REQUIRED WORK: In the records below, reproduce exactly the lines from the one containing "Kia Cee'd PY23835#1.5" through the one containing "This chart shows", both included, and omit the pictures.

PROVIDED MATERIAL:
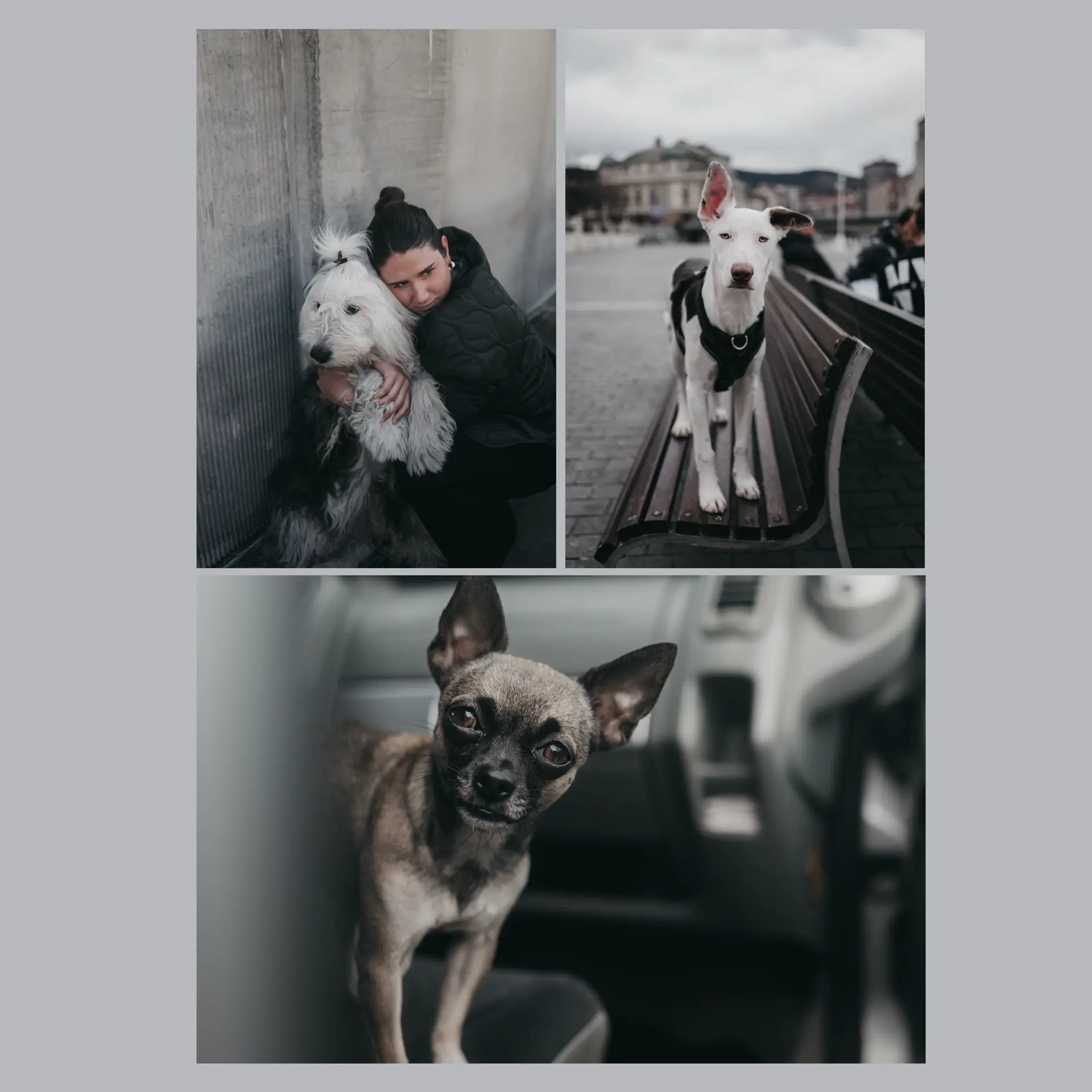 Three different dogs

---

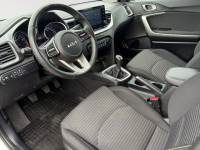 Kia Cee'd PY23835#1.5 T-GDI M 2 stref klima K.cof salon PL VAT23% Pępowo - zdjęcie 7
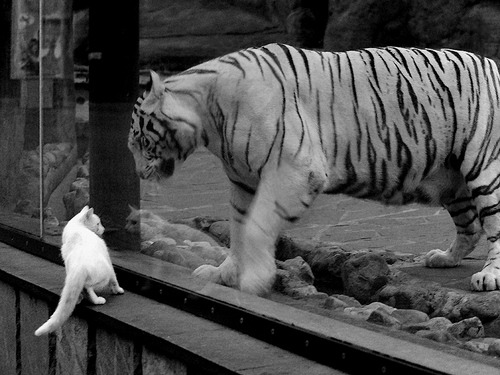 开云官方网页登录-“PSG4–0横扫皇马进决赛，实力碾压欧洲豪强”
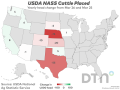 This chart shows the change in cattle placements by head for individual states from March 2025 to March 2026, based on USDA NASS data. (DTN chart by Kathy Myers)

RESULT OF THE TASK:
 Kia Cee'd PY23835#1.5 T-GDI M 2 stref klima K.cof salon PL VAT23% Pępowo - zdjęcie 7
 开云官方网页登录-“PSG4–0横扫皇马进决赛，实力碾压欧洲豪强”
 This chart shows the change in cattle placements by head for individual states from March 2025 to March 2026, based on USDA NASS data. (DTN chart by Kathy Myers)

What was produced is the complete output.